Run a Snapshot Query with Confluent Cloud for Apache Flink

Confluent Cloud for Apache Flink® supports snapshot queries that read data from a table at a specific point in time. In contrast with a streaming query, which runs continuously and returns results incrementally, a snapshot query runs, returns results, and then exits.

This guide shows how to run a snapshot query on a Flink table.

Note

Snapshot query is an Early Access Program feature in Confluent Cloud for Apache Flink.

An Early Access feature is a component of Confluent Cloud introduced to gain feedback. This feature should be used only for evaluation and non-production testing purposes or to provide feedback to Confluent, particularly as it becomes more widely available in follow-on preview editions.

Early Access Program features are intended for evaluation use in development and testing environments only, and not for production use. Early Access Program features are provided: (a) without support; (b) “AS IS”; and (c) without indemnification, warranty, or condition of any kind. No service level commitment will apply to Early Access Program features.
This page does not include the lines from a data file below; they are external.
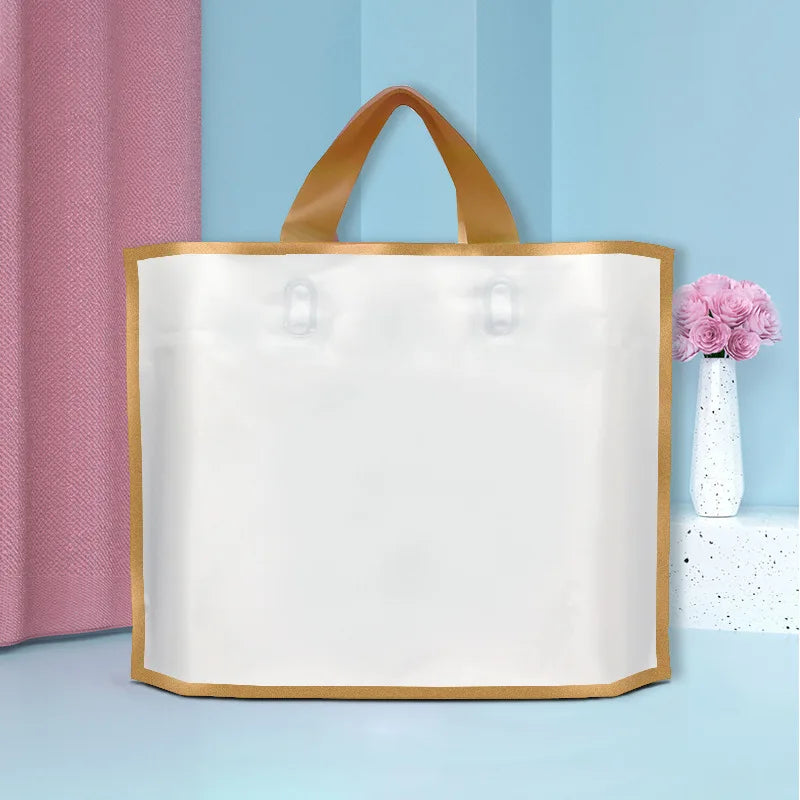 50pcs custom logo frosted shopping bags plastic gift bags clothing packaging bag design Personalized Logo Print merchandise bags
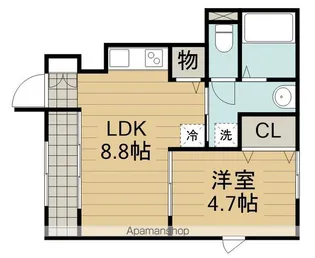 グランフェリス【1階】の間取り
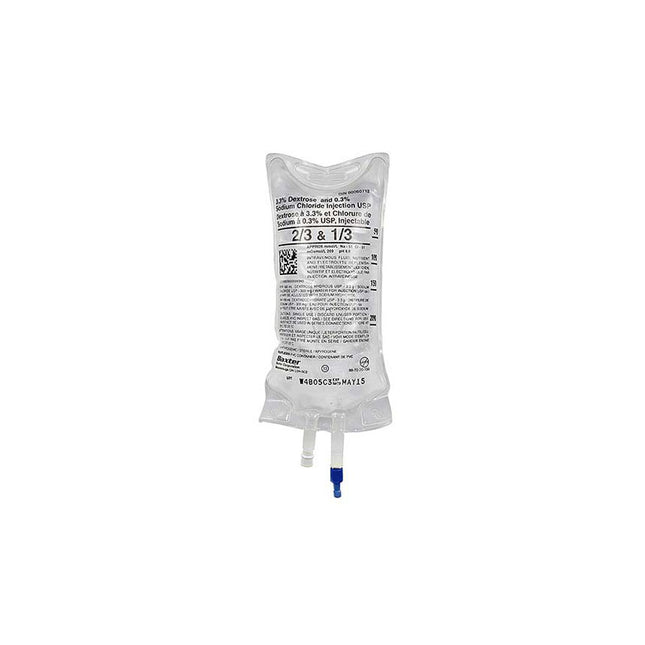 Baxter 3.3% Dextrose and 0.3% Sodium Chloride Injection Solution, 500mL, 24 each/case JB1033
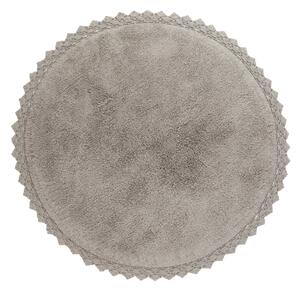 Szürke mosható kerek szőnyeg ø 110 cm Perla – Nattiot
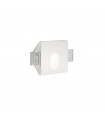 Applique encastrée Walky-3 Gypse blanc 1 ampoule 10cm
Early Access Program features are considered to be a Proof of Concept as defined in the Confluent Cloud Terms of Service. Confluent may discontinue providing preview releases of the Early Access Program features at any time in Confluent’s sole discretion.

Prerequisites

  • Access to Confluent Cloud.
  • The OrganizationAdmin, EnvironmentAdmin, or FlinkAdmin role for creating compute pools, or the FlinkDeveloper role if you already have a compute pool. If you don’t have the appropriate role, contact your OrganizationAdmin or EnvironmentAdmin. For more information, see Grant Role-Based Access in Confluent Cloud for Apache Flink.
  • A provisioned Flink compute pool.

Step 1: Create an example data stream

In this step, you create a Datagen source connector that produces a stream of data.

If you have a topic with data, you can skip this step and proceed to Step 2: Run a snapshot query on the topic.

  1. In the Confluent Cloud UI, go to the Environments page.

  2. Select the environment where you want to create the connector.

  3. In the Overview page, click the cluster that you want to use.

  4. In the navigation menu, click Connectors.

  5. Click Add connector, and in the Connector Plugins page, click Sample Data.

  6. In the Launch Sample Data dialog, click Users, and click Launch.

    It may take a few minutes to create the connector.

Step 2: Run a snapshot query on the topic

  1. In the navigation menu, click Topics.

  2. In the topics list, find the topic you want to query. If you created a Datagen source connector, the topic is named sample_data_users.

  3. Click the topic name to open the topic details page.

  4. Click Query with Flink.

    A Flink workspace opens with a SQL editor that you can use to run a snapshot query.

  5. In the cell, find the Mode dropdown, which defaults to Streaming.

  6. Change the mode to Snapshot and click Run.

    The query runs and returns all of the messages that have been produced to the topic at the current point in time.

Step 3: Set the snapshot mode in SQL

You can set the snapshot mode in SQL by using the SET statement to assign the sql.snapshot.mode configuration option.

  1. In the cell, prepend the SELECT statement with the following SET statement:

    SET 'sql.snapshot.mode' = 'now';
    SELECT * FROM `<your-env>`.`<your-cluster>`.`sample_data_users`;
    
  2. Click Run.

    The query runs and returns all of the messages that have been produced to the topic at the current point in time.